**What needs to be done:** Exact copies of all the lines below are wanted, without a single picture.

Extracted data below:

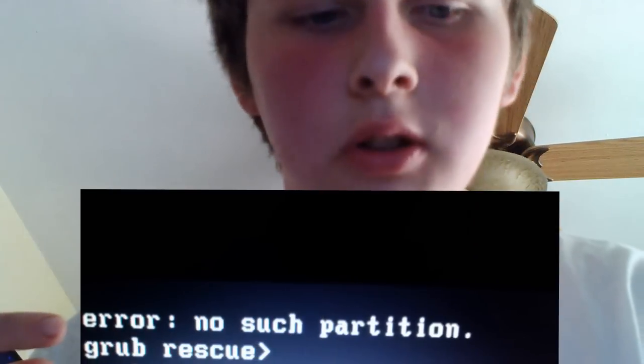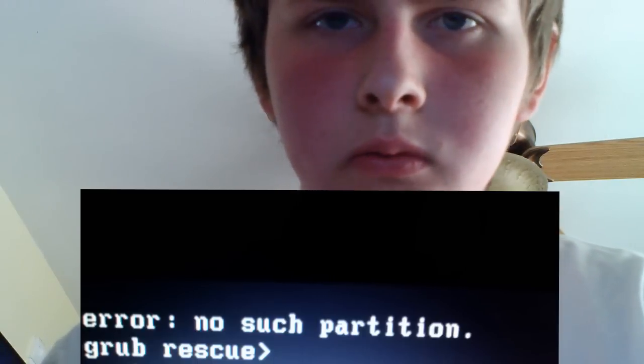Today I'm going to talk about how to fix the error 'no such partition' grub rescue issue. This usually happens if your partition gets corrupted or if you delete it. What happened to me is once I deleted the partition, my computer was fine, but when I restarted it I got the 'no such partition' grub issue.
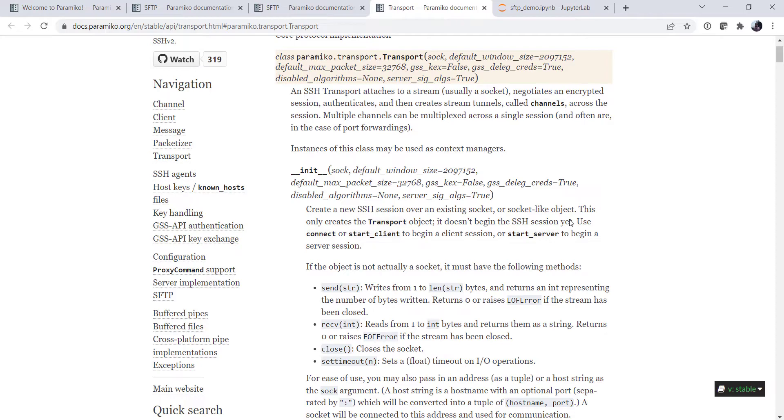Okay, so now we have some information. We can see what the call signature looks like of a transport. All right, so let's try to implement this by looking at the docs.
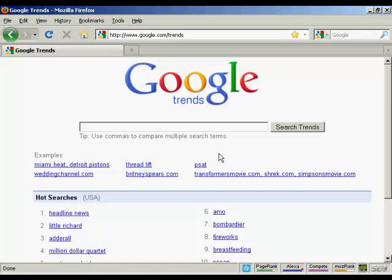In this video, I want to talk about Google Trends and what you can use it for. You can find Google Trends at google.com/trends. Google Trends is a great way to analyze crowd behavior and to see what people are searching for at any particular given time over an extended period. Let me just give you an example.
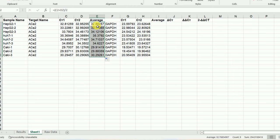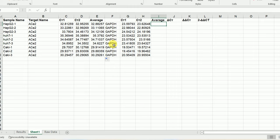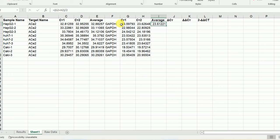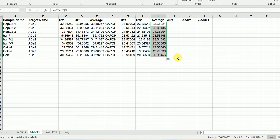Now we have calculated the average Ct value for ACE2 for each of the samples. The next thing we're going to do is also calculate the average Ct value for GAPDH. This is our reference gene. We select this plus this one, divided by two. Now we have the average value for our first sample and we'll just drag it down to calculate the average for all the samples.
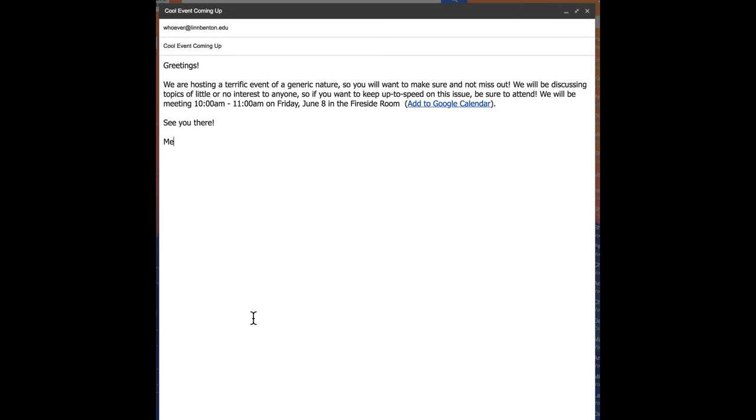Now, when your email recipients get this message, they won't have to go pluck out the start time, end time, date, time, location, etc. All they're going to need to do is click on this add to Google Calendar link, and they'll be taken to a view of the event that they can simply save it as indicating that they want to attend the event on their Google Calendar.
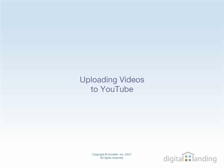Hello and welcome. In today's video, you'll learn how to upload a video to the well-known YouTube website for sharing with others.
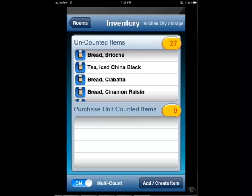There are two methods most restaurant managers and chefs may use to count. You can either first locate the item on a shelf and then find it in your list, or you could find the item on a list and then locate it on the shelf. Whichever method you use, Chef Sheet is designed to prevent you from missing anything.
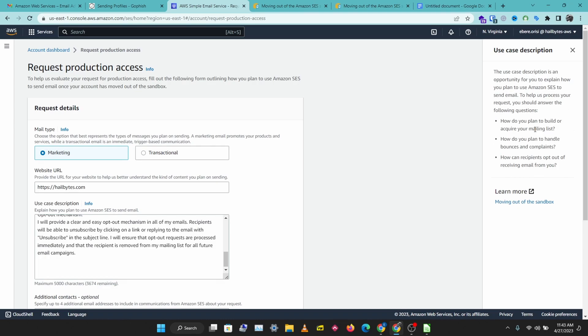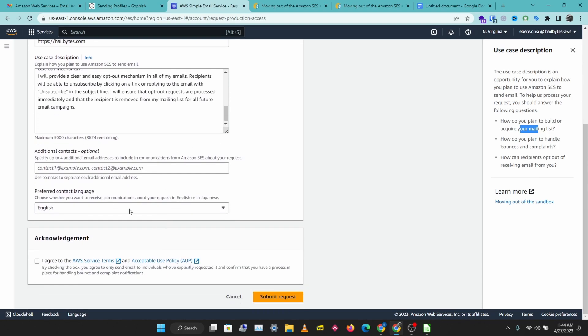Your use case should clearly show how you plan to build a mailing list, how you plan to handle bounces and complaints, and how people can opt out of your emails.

End of Extracted data.

**Response to this exercise:**
Today I'm going to talk about how to fix the error 'no such partition' grub rescue issue. This usually happens if your partition gets corrupted or if you delete it. What happened to me is once I deleted the partition, my computer was fine, but when I restarted it I got the 'no such partition' grub issue.
Okay, so now we have some information. We can see what the call signature looks like of a transport. All right, so let's try to implement this by looking at the docs.
In this video, I want to talk about Google Trends and what you can use it for. You can find Google Trends at google.com/trends. Google Trends is a great way to analyze crowd behavior and to see what people are searching for at any particular given time over an extended period. Let me just give you an example.
Now we have calculated the average Ct value for ACE2 for each of the samples. The next thing we're going to do is also calculate the average Ct value for GAPDH. This is our reference gene. We select this plus this one, divided by two. Now we have the average value for our first sample and we'll just drag it down to calculate the average for all the samples.
Now, when your email recipients get this message, they won't have to go pluck out the start time, end time, date, time, location, etc. All they're going to need to do is click on this add to Google Calendar link, and they'll be taken to a view of the event that they can simply save it as indicating that they want to attend the event on their Google Calendar.
Hello and welcome. In today's video, you'll learn how to upload a video to the well-known YouTube website for sharing with others.
There are two methods most restaurant managers and chefs may use to count. You can either first locate the item on a shelf and then find it in your list, or you could find the item on a list and then locate it on the shelf. Whichever method you use, Chef Sheet is designed to prevent you from missing anything.
Your use case should clearly show how you plan to build a mailing list, how you plan to handle bounces and complaints, and how people can opt out of your emails.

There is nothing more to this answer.